More broadly, “command and control” policies do not readily balance emissions reductions against the costs of achieving these reductions. Some reductions are easy to achieve, while others are difficult, so an ideal policy obtains the biggest reductions from sources that require the smallest costs. Complicated rules imposed by bureaucrats at multiple government agencies do not lend themselves to this balancing.
An alternative approach is to replace all these command-and-control policies with a revenue-neutral carbon tax. That is, eliminate the entire command-and-control apparatus; increase or impose new taxes on fossil fuels; and lower other tax rates so as to leave tax revenue unchanged.
A carbon tax is far simpler to enforce than command-and-control policies. It is straightforward to compute the extra carbon cost generated by the tax, so this can be balanced against the estimated benefits of reduced carbon emissions. In addition, a carbon tax raises revenue, which means the U.S. could lower other tax rates while holding total revenue constant.
The economics of how best to address climate change is therefore clear. Why, then, has the U.S. not adopted this approach?
One possibility is that the scientific case for costly global warming is not compelling, but I’ll leave that aside for now.
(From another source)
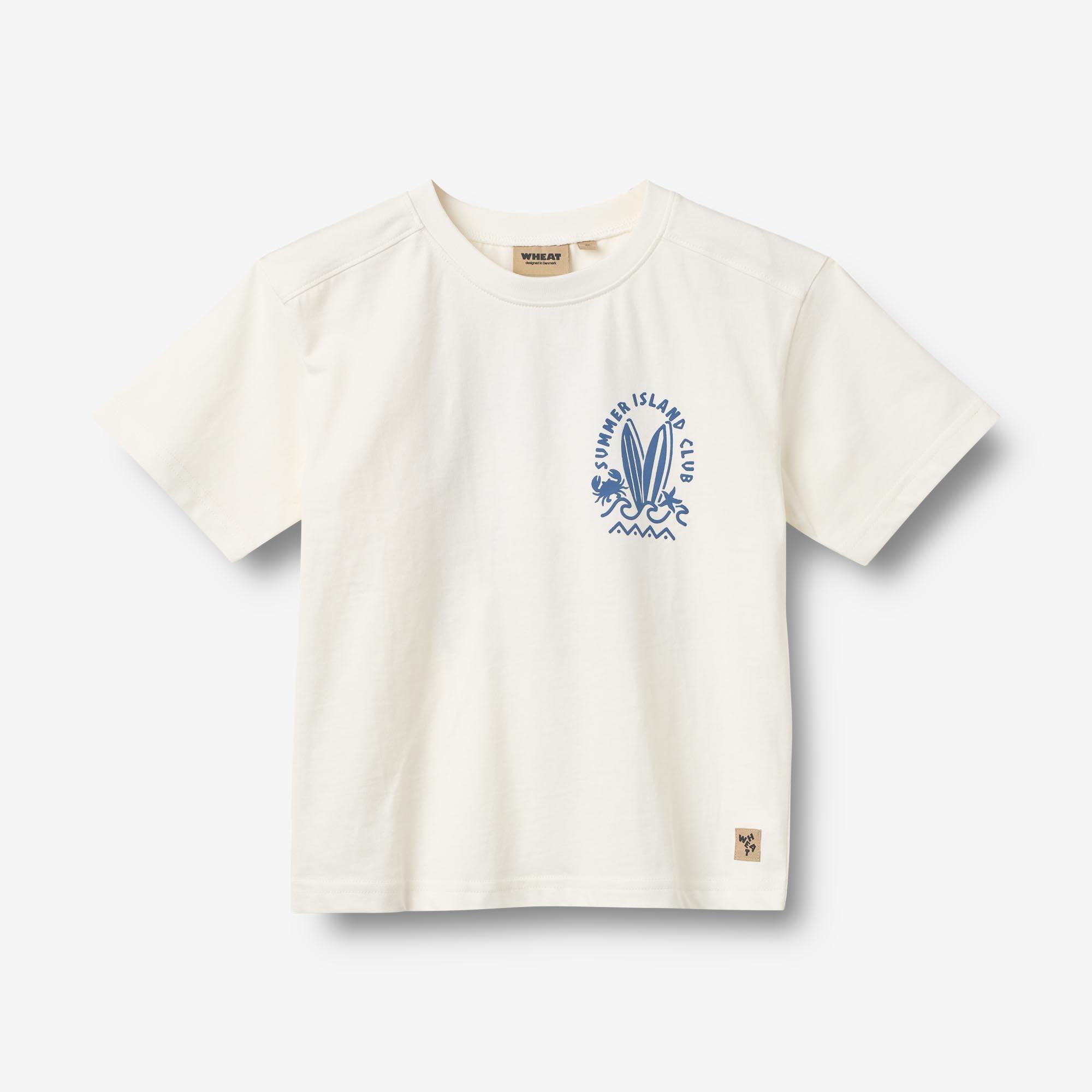 wheat-benno-t-shirt-kinder-cloud-bio-baumwolle image 1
A second possibility is recognition that even ideal carbon taxation makes the U.S. a less competitive location for businesses, since it is impossible to force other countries to adopt similar carbon taxes (or even to reduce their existing carbon subsidies). If the U.S. goes it alone in reducing emissions, the net impact on global warming will be minor.
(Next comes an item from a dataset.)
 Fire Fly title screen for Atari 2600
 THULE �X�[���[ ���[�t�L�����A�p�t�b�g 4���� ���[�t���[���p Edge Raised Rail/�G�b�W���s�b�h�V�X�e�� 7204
Moreover, political constraints make the ideal carbon tax virtually dead-on-arrival.
Conservatives are skeptical because they doubt Congress will adopt the ideal approach and instead just add a carbon tax on top of current command-and-control policies, while failing to lower other tax rates to achieve revenue-neutrality.
Such a non-ideal carbon tax would have several negatives. It would fail to eliminate the bureaucratic waste, rent-seeking, inefficiencies and corruption that command-and-control policies generate. Plus, adding carbon taxes on top of these policies risks overkill in addressing climate change; the estimated risks, even if 100 percent accurate, suggest moderate increases in carbon prices, not unlimited attempts to punish carbon.
Failure to keep revenue neutral also foregoes a key benefit of the ideal carbon tax. And, extra revenue might generate additional expenditure, which some conservatives oppose on principle and others oppose unless they are confident it will be spent in their own districts.
Liberals, with some exceptions, oppose carbon taxation. They fear voters will not support climate policies whose costs are explicit; voters seem to prefer command-and-control policies that appear free or that claim to impose the costs only on businesses. And some liberals like the power they obtain from rewarding special interests or favored donors with loan guarantees, ethanol mandates and the like.
Independent of party affiliation, moreover, politicians from coal or oil-producing states oppose carbon taxation because it will adversely impact their constituents.
The prospects for an ideal carbon tax are therefore remote, which leaves three choices: more command-and-control; a non-ideal carbon tax; or just sticking with current policy, as imperfect as it is. The third alternative — do no (new) harm — is probably the best choice.